▶ _EXERCISE DIRECTIONS_
Retype exactly the lines from the one containing "Vifulin Lightning Bolt LED Neon Light" through the last line of the records below, including both, and leave out any pictures.

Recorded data
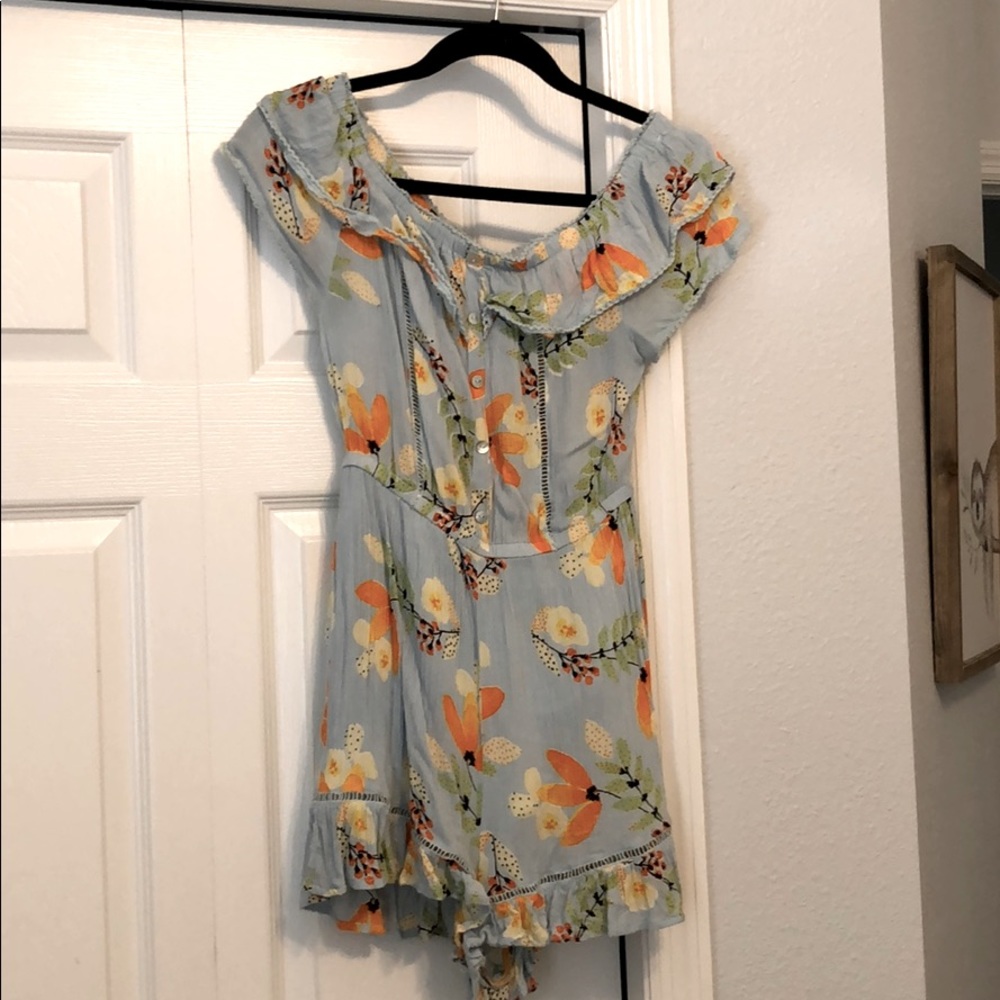 Short romper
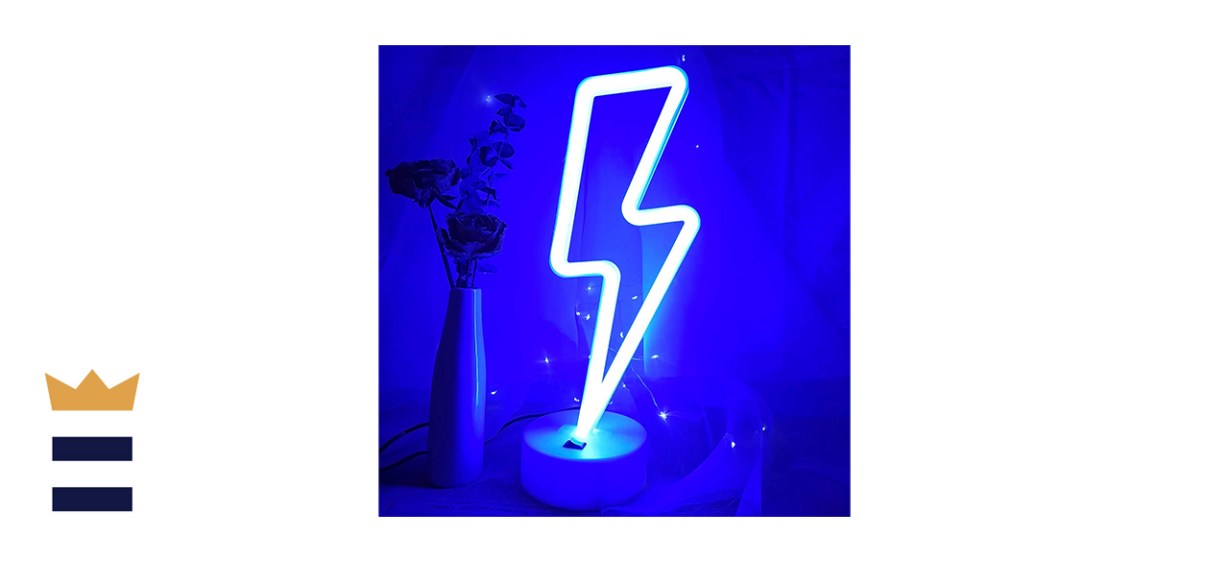 Vifulin Lightning Bolt LED Neon Light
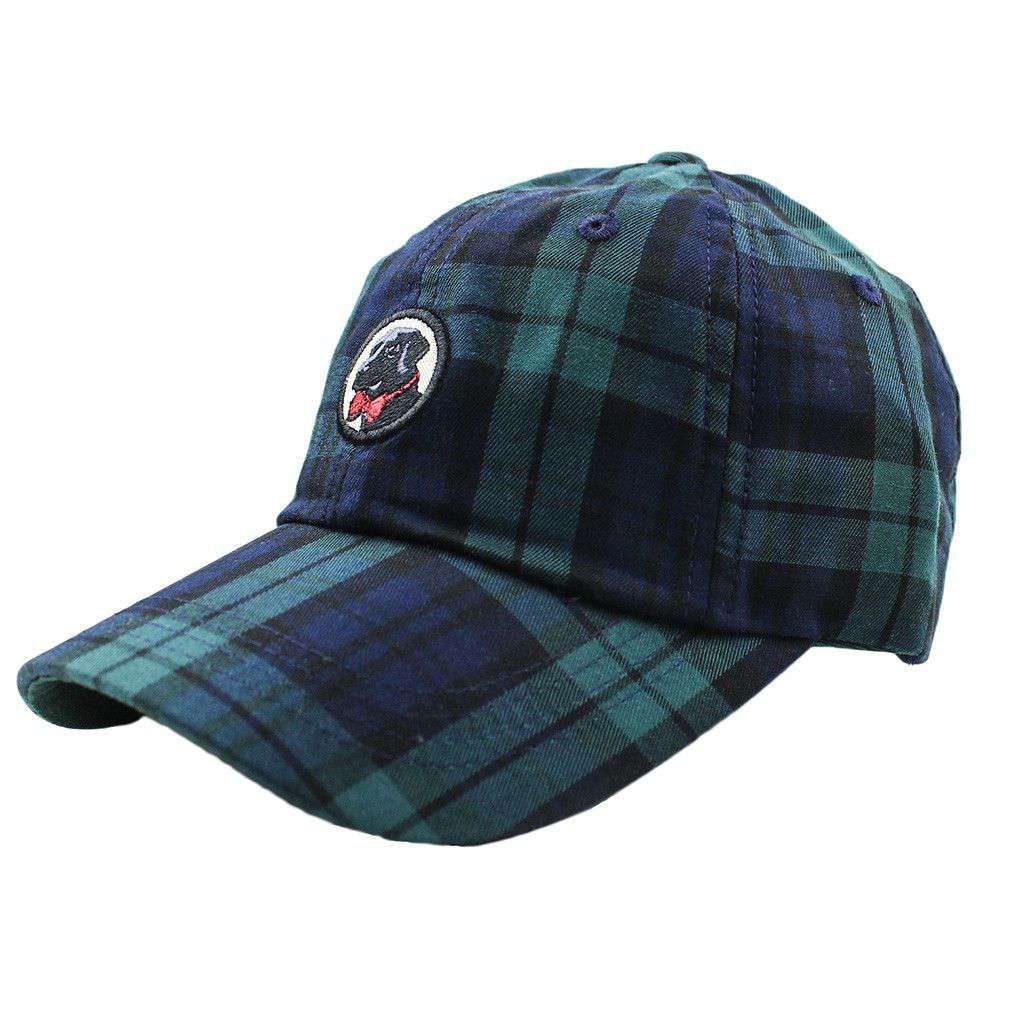 Frat Hat in Navy Tartan Plaid by Southern Proper - Country Club Prep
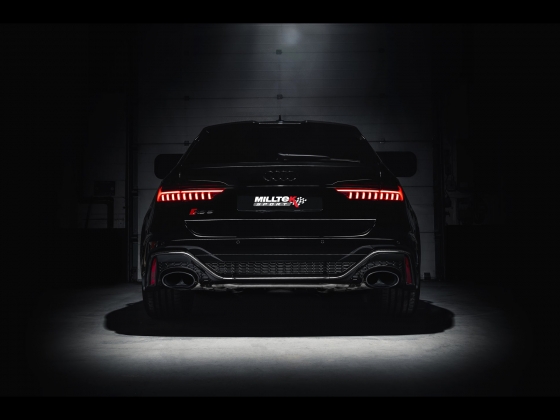 MILLTEK Audi RS 6 Avant [2020] 001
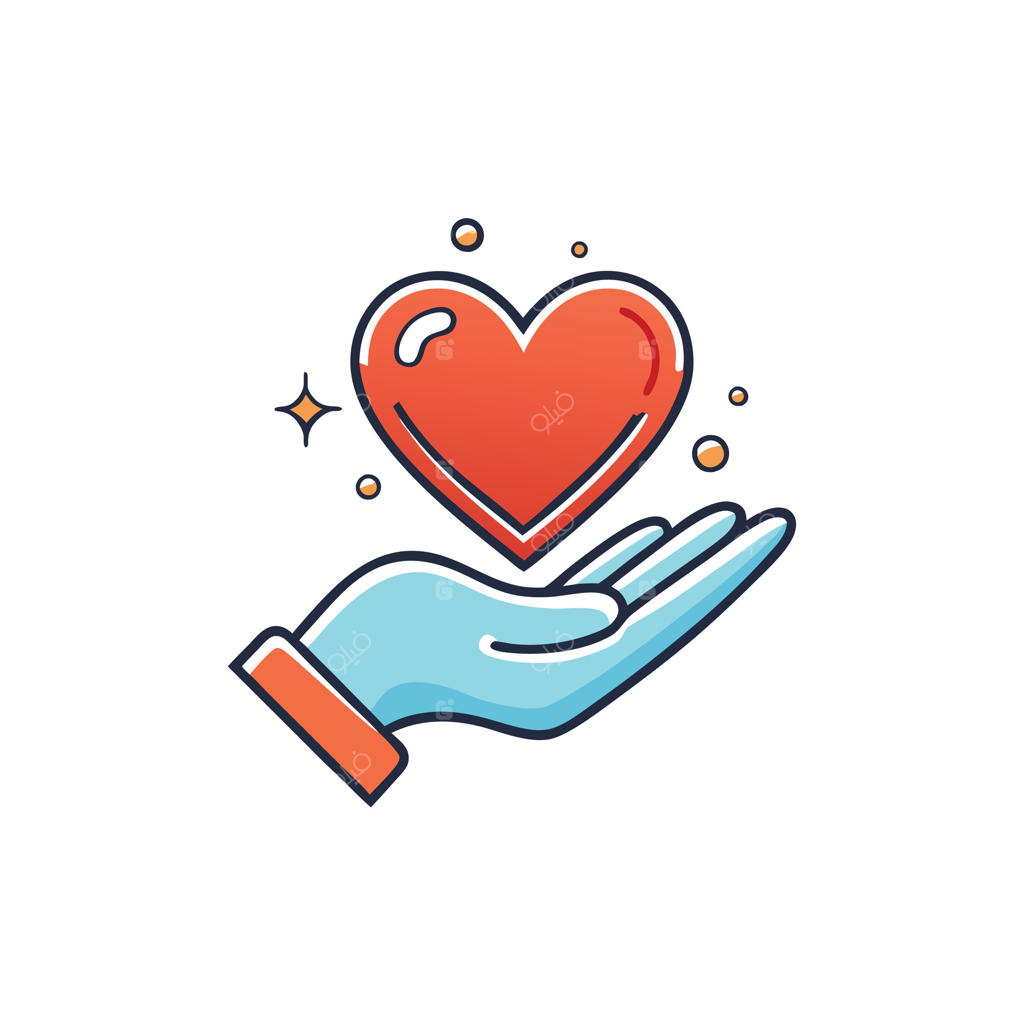 کمک در قالب قلبی سخاوتمند: محبت و مراقبتی مملو از عشق و حمایت خیریه‌ای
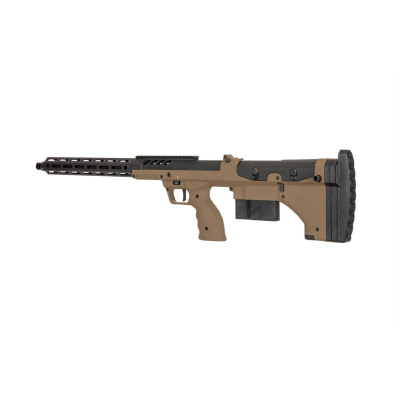                             Desert Tech SRS-A2 22” Sniper Rifle Replica (right-handed) - FDE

▶ _TASK SOLUTION_
 Vifulin Lightning Bolt LED Neon Light
 Frat Hat in Navy Tartan Plaid by Southern Proper - Country Club Prep
 MILLTEK Audi RS 6 Avant [2020] 001
 کمک در قالب قلبی سخاوتمند: محبت و مراقبتی مملو از عشق و حمایت خیریه‌ای
                             Desert Tech SRS-A2 22” Sniper Rifle Replica (right-handed) - FDE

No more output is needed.